On a chilly autumn night in November last year, Brooklyn-based cellist MIZU stood on a platform amidst an enraptured audience at Pioneer Works. Although she was opening for Tim Hecker, MIZU held her own with a transcendent performance, her intricate cello-based compositions serving as the pretext for an audiovisual spectacle. There, she debuted “prphtbrd,” a collaboration with techno producer Concrete Husband. She put the cello down, convulsing on stage amidst the explosion of muslin on her Phương Nguyễn-designed dress, seemingly acting out the deconstruction of her relationship to entrained structures—classical music education, gender binaries—in the intimate space of a Red Hook warehouse. On Forest Scenes, MIZU finally brings into the world the magic she teased on that night in November, crafting an ambient idyll in which we might safely interrogate the connections between ourselves, our bodies, and the world around us.

Citing Paul Hindemith as an early inspiration to experiment with technique, MIZU squeezes an astonishing array of sounds from the cello that she layers, overdubs, and filters with finesse. Diaphanous tremolos, woody claps, clean harmonics, pastoral glides, ephemeral spiccatos: these mingle with field recordings, glitched-out noise, and warm synths throughout the record in a display of both cello virtuosity and DAW magicking. On “Pavane” and “Flutter,” these varied techniques are rounded out by pentatonic melodies and atmospheric percussion, in a nod to MIZU’s Japanese heritage.

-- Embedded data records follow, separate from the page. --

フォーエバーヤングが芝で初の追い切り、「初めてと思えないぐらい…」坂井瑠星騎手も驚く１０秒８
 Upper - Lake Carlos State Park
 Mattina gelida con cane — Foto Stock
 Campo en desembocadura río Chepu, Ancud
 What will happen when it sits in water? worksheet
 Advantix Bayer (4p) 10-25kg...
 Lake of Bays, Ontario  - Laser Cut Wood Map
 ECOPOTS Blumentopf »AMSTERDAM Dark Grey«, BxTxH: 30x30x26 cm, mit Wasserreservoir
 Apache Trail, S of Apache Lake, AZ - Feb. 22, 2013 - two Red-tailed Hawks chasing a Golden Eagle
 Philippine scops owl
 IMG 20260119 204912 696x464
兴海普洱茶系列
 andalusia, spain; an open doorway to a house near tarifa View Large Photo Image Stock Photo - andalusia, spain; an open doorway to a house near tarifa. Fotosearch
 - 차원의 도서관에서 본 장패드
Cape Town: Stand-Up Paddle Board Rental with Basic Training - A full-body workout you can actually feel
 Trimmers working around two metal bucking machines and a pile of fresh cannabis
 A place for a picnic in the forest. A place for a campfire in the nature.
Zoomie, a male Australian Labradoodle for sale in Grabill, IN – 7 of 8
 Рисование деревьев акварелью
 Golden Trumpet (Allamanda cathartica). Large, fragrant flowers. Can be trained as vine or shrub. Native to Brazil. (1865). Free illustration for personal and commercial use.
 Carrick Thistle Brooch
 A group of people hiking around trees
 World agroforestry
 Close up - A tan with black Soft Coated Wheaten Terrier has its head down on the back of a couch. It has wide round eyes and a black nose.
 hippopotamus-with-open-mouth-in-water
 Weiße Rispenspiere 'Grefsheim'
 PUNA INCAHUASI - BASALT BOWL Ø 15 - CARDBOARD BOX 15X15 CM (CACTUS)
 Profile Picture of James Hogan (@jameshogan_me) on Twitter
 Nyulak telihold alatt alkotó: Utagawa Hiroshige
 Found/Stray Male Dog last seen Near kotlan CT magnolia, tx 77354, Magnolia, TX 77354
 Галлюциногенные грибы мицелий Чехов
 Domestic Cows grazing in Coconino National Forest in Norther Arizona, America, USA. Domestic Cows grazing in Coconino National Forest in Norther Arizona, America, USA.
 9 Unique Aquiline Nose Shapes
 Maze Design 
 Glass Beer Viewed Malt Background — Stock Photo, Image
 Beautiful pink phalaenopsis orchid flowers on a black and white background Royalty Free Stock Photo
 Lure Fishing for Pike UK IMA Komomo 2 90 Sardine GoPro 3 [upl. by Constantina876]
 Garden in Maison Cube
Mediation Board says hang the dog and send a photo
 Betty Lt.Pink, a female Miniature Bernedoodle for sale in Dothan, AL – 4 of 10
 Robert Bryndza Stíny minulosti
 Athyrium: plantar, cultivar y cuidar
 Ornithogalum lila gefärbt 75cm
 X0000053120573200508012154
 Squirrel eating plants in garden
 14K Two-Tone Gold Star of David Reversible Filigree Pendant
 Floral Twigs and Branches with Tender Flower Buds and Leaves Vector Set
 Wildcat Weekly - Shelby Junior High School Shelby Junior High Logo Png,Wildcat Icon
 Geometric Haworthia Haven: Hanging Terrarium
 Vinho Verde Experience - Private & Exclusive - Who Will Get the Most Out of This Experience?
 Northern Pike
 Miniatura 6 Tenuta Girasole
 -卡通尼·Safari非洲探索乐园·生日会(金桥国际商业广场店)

But “prphtbrd” contains MIZU’s most astonishing experiments yet. She takes inspiration from Robert Schumann’s “Vogel als Prophet” (Bird as Prophet), the seventh movement of the composition Forest Scenes is named for, in a chaotic showdown between nature and industrialization. Stitching together classical recordings, drum samples, and other electronic detritus, MIZU creates a digital forest without her cello to guide her; the result is a collage of sound that shifts from industrial ambient to skittish IDM. The cello, as it’s said, encompasses the tonal range of the human voice, regardless of gender. So it’s fitting that the instrument has stuck with Brooklyn-based composer MIZU as a palette from which to construct her sonic forests as she began transitioning; yet the experiments here also show an artist who’s not afraid to go beyond the human to get at a better future. Concluding with a pulsating kick reminiscent of a beating heart on “Realms of Possibility” that persists through swelling and swaying cello lines, Forest Scenes is an oasis of queer hope and vitality in a ruthless world.